A review was also conducted independent of the survey of those services where differentiating between Online and On-campus students usage was possible, for example Student Engagement Services (SALNA, MyLead, Emerging Leaders etc.); Accessibility Service and Health Services, and the main users of these services remains On-campus students.

So, while when prompted, the services funded by SSAF are seen as important by our Online students, however in general fewer Online students were aware of them.

As such, while it has been determined that the SSAF fee charged to Online students will remain consistent with On-campus students for 2018, further work will occur to both broadcast existing services that are accessible to Online students, as well as look to move all SSAF services to an online environment wherever possible.

Priorities for expenditure

The table below outlines how SSAF is to be allocated in 2018, which is intended to address some of the issues raised by our students (both Online and On-campus) as per the following:

  • Student health and wellbeing is a consistent theme throughout the survey as well as being an area of significant importance in discussions with key stakeholders across the University. The Wellbeing@Swin health centre was restructured during 2017 to enhance the holistic health services offering to all students, and the number of visits expected to increase by 19% over 2016 with a significant number of these related to mental health.
  • Careers, Language and Academic Support and Strategies for Success remain important services for the University with successful progression and employment outcomes for our students critical to their success.
  • We commit to proving more services that are tailored for Online students to ensure all students are well supported regardless of where they are studying with Swinburne.
  • We commit to providing a solution to respond to the need for more lockers on campus.

  • The positive and constructive work of Swinburne Student Life is recognised, and it is proposed that their 2018 funding remain consistent with 2017.
  • The positive and constructive work of the Swinburne Student Union is also recognised and a 10% increase in funding is provided to this group.

Allocations for 2018

The allocations for 2018 take into account the results of the survey conducted in 2017 and the submissions from, and meetings with, the various stakeholders. 
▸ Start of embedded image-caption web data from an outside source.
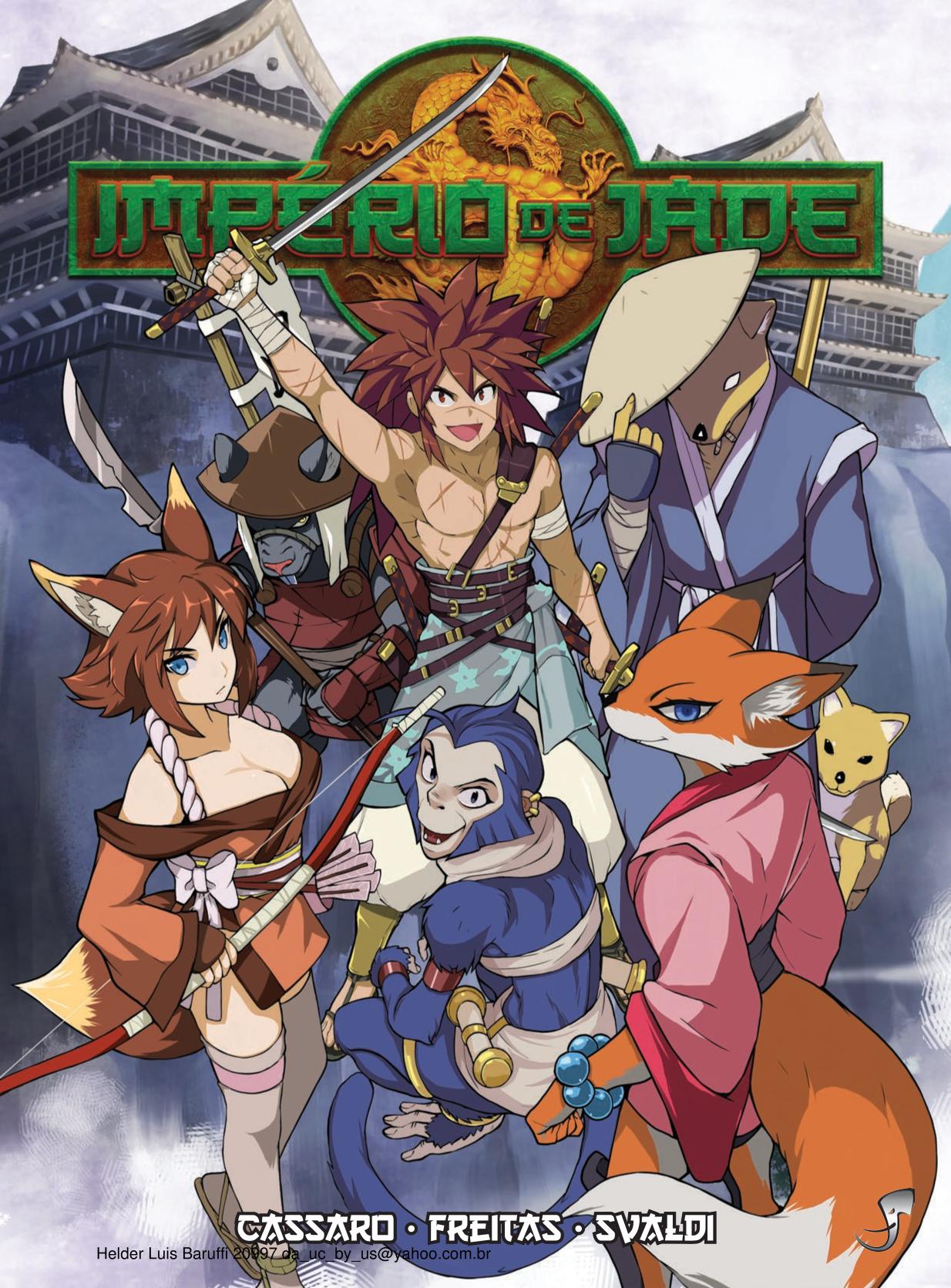 Império de jade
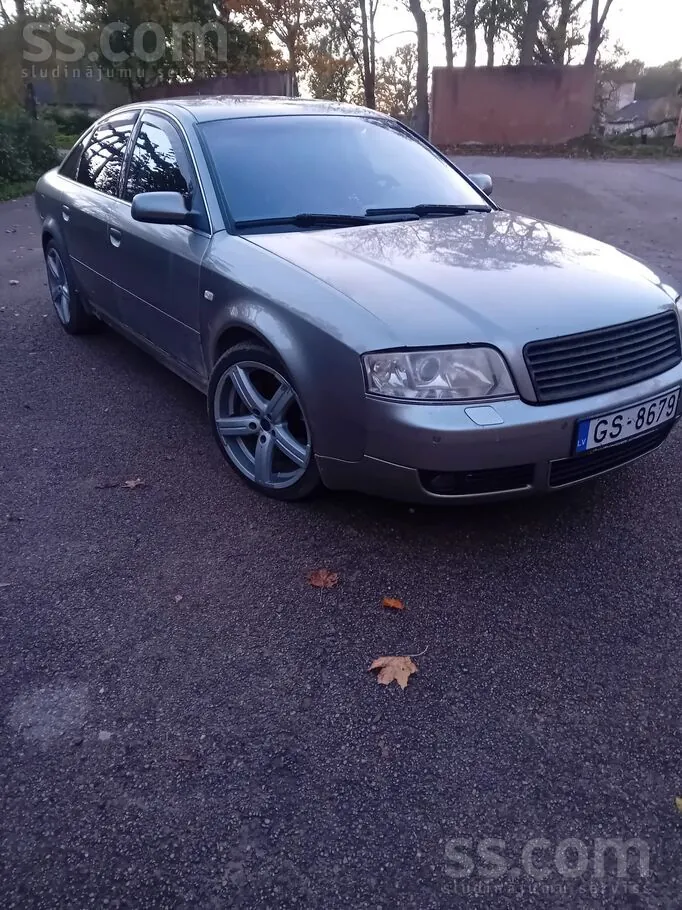 Audi A6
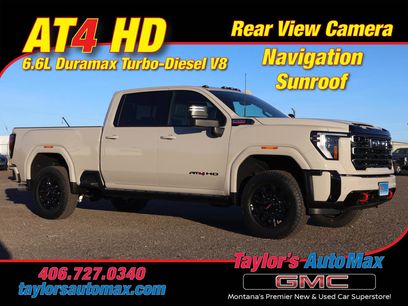 New 2026 GMC Sierra 2500 AT4 w/ AT4 Premium Plus Package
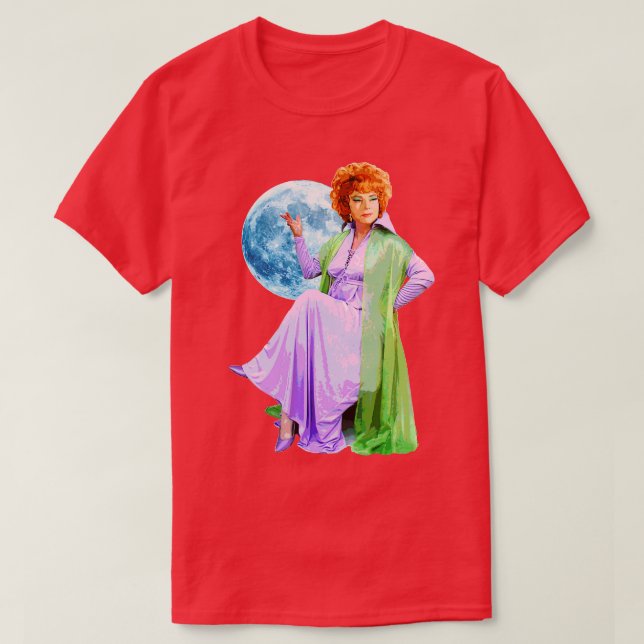 ENDORA T-Shirt (Design Front)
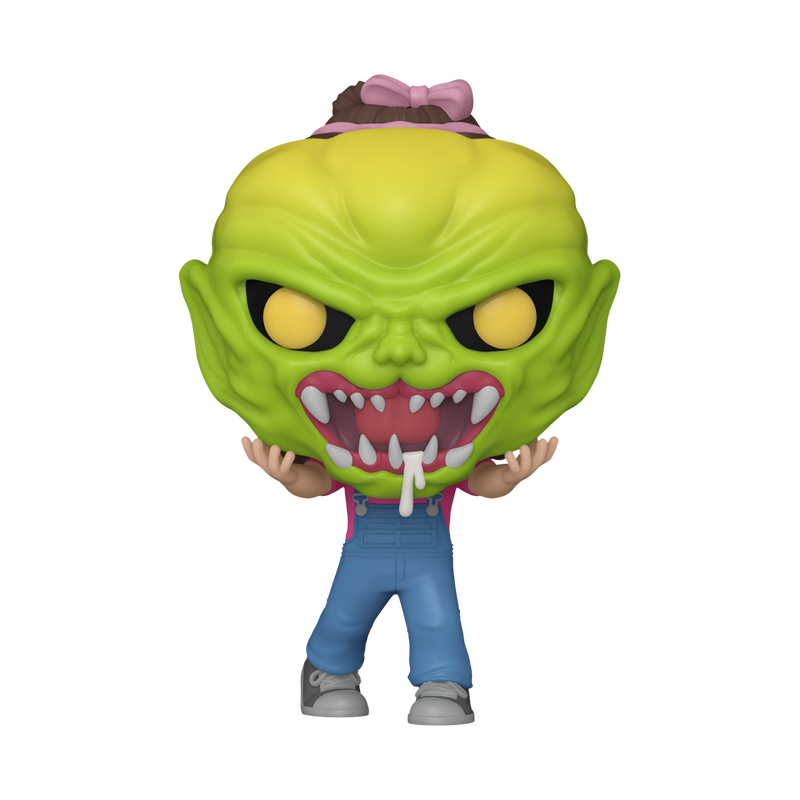Goosebumps Pop! The Haunted Mask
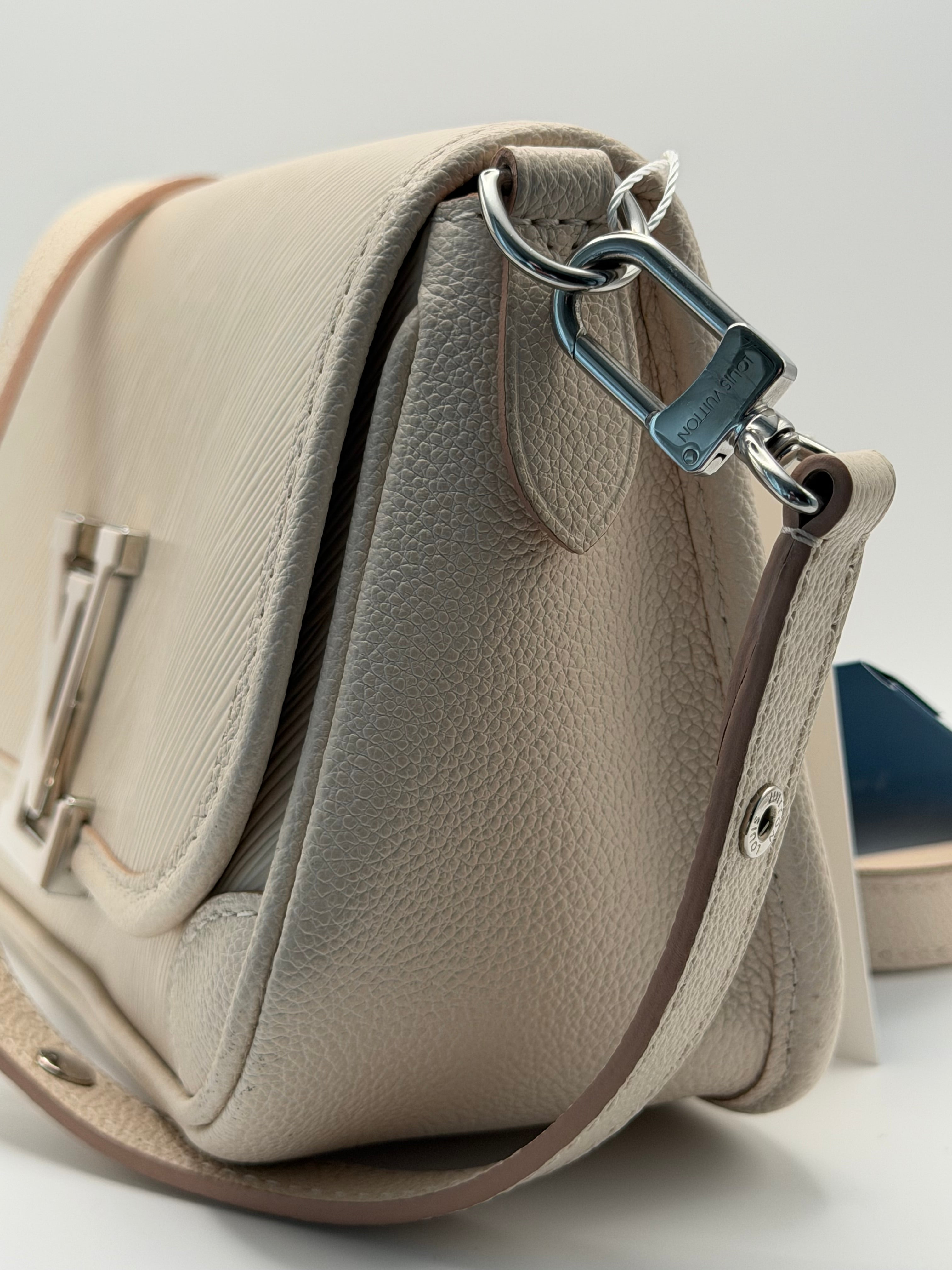 Louis Vuitton Buci Epi Leather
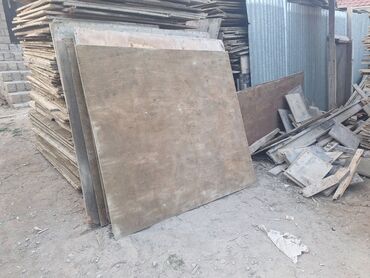 Reykalar, taxtalar: Tikinti taxtası və qəlib materialları Məhsul təsviri: - Müxtəlif — 3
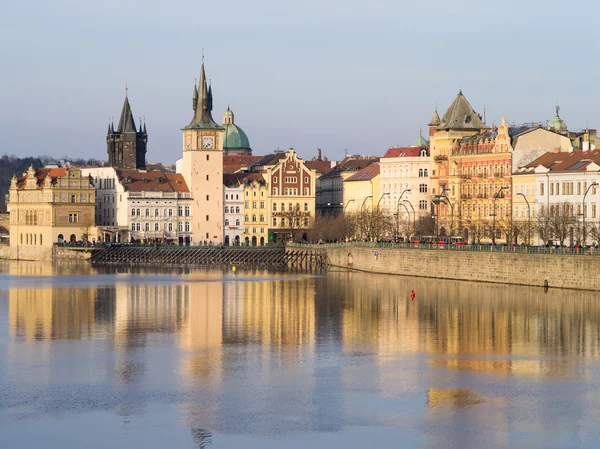 Syn på Prag, Tjeckiska republiken — Stockfoto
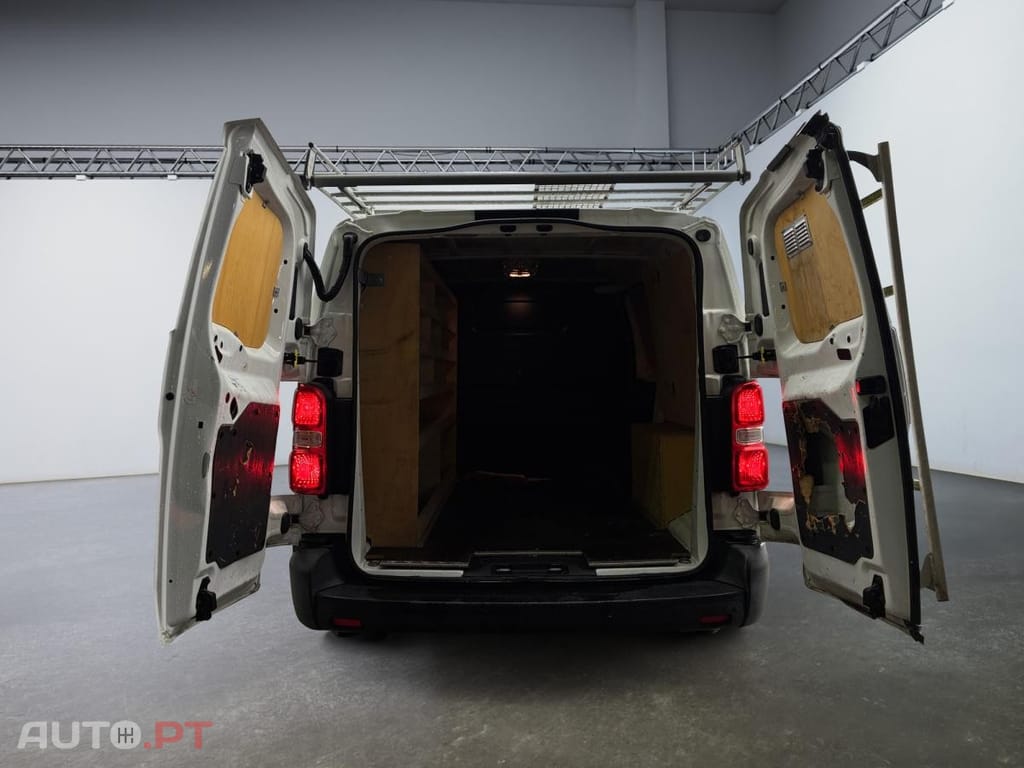 Citroen Jumpy 2.0 BlueHDi M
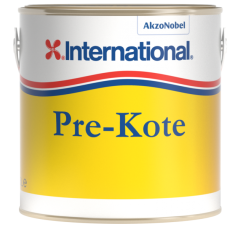 International Pre-Kote - White Undercoat - 2.5L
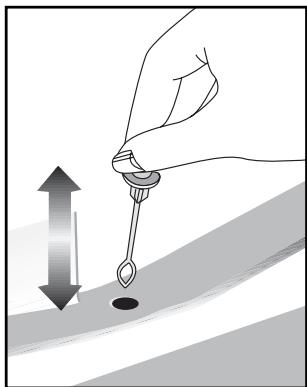 BEKO CRDSE437K21S - Le dégivrage - 1
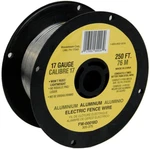 Fi-shock FW-00018D 17 Gauge Aluminum Wire For Electric Fencing, 250 Ft. Fixed Price $12.73.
Service Area 2017 SSAF Allocation 2018 SSAF Allocation

Swinburne University (on campus students)
Services include (but not limited to):

  • Counselling
  • Health
  • Student Leadership and Volunteering (including the SRC)
  • Student Housing & Finance 
  • Student Finance
  • Disability Support
  • Careers
  • Chaplaincy
  • Ask George
$3,468,785* $1,843,467

Swinburne University (online students)
Services include (but not limited to):

  • Counselling
  • Health
  • Student Leadership and Volunteering (including the SRC)
  • Student Housing & Finance 
  • Student Finance
  • Disability Support
  • Careers
  • Chaplaincy
  • Ask George
Included in the figure above 


Swinburne Student Life 
Services include (but not limited to):

  • Advocacy Service
  • Legal Service
  • Sport & Recreation
  • Clubs & Societies 
  • Student Leadership Programme
  • Volunteer Programme 
  • Orientation 
  • Social and Cultural Activities 
  • Night Bus 
 $1,789,459  $1,789,459
Services include (but not limited to):
  • Welfare & Equity Services
  • Student Events
  • Student Media
  • Student Representation & Leadership


Total $5,731,000* $5,600,000

*Note: This figure increased from the estimate of $5.6 million following finalisation of the 2017 Annual Accounts.